Bundesjustizministerin Christine Lambrecht (SPD) will durch eine gesetzliche Neuregelung sicherstellen, dass Strafprozesse wegen der Corona-Pandemie länger unterbrochen werden können. "Mit der Neuregelung verhindern wir das 'Platzen' von Strafprozessen, wenn aufgrund der Corona-Epidemie Hauptverhandlungen nicht stattfinden können", erklärte Lambrecht am Dienstag in Berlin.

Die geplante Regelung soll es den Gerichten erlauben, eine Hauptverhandlung für maximal drei Monate und zehn Tage zu unterbrechen. Voraussetzung hierfür ist, dass die Hauptverhandlung aufgrund von Infektionsschutzmaßnahmen nicht ordnungsgemäß durchgeführt werden kann. Dies ist zum Beispiel der Fall bei einem eingeschränkten Gerichtsbetrieb oder der Beteiligung älterer, zur Risikogruppe gehörender Personen.

Hauptverhandlungen im Strafverfahren dürfen derzeit bis zu drei Wochen unterbrochen werden. Wenn sie länger als zehn Verhandlungstage angedauert haben, ist eine Unterbrechung von einem Monat erlaubt.

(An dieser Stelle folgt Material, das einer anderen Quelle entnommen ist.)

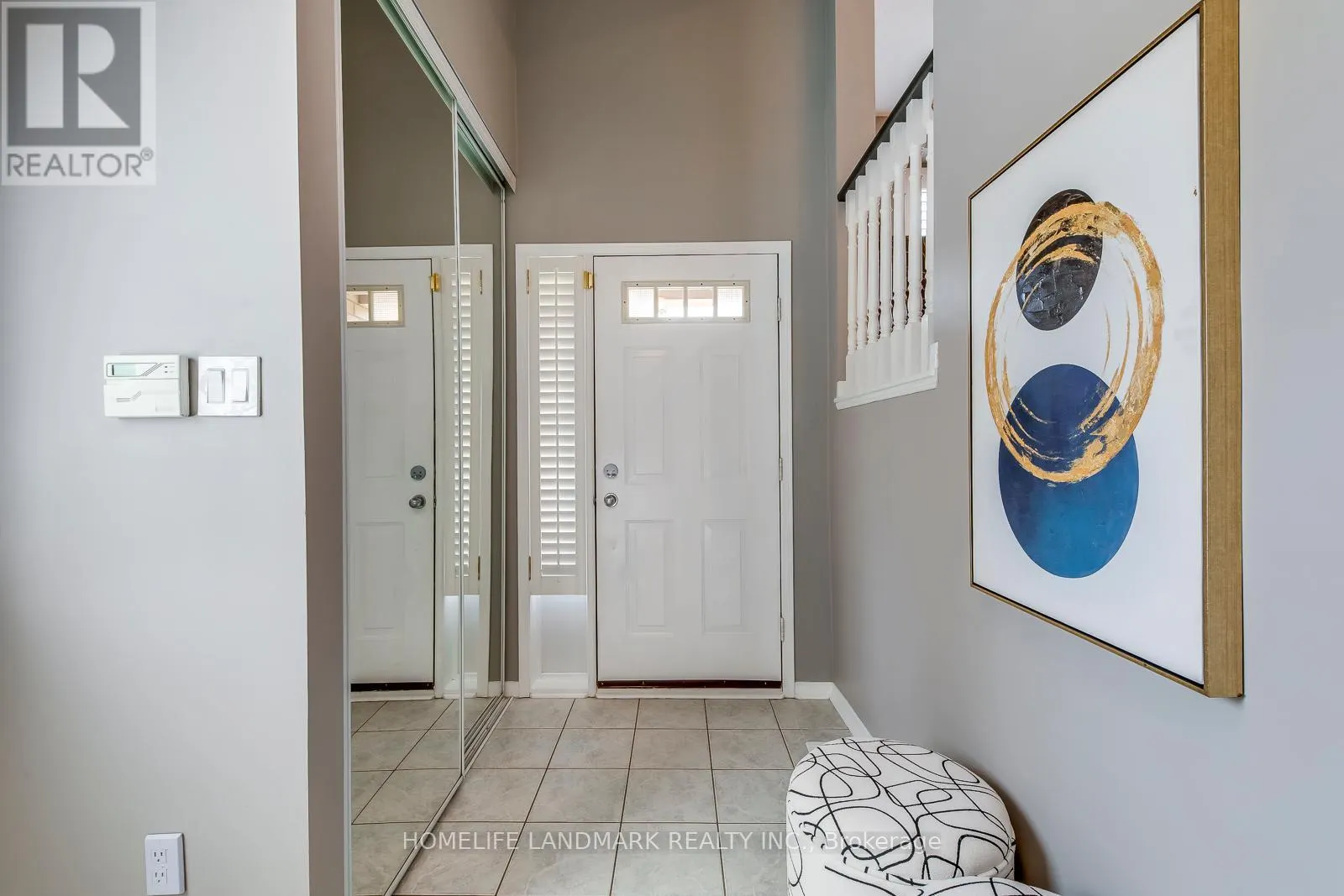 2503 GILL CRESCENT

"Es ist wichtig, Infektionsschutzmaßnahmen zu treffen und gleichzeitig unsere Gerichte arbeitsfähig zu halten", betonte Lambrecht. Das Verfahrensrecht sehe darüber hinaus eine Vielzahl von weiteren Möglichkeiten vor, um auf die aktuellen Herausforderungen angemessen zu reagieren. "Die Gerichte entscheiden unabhängig und verantwortungsbewusst, was im jeweiligen Fall angebracht ist."

Wegen der Corona-Krise werden mancherorts bereits aufschiebbare Gerichtstermine aufgehoben, um sie zu einem späteren Zeitpunkt nachzuholen.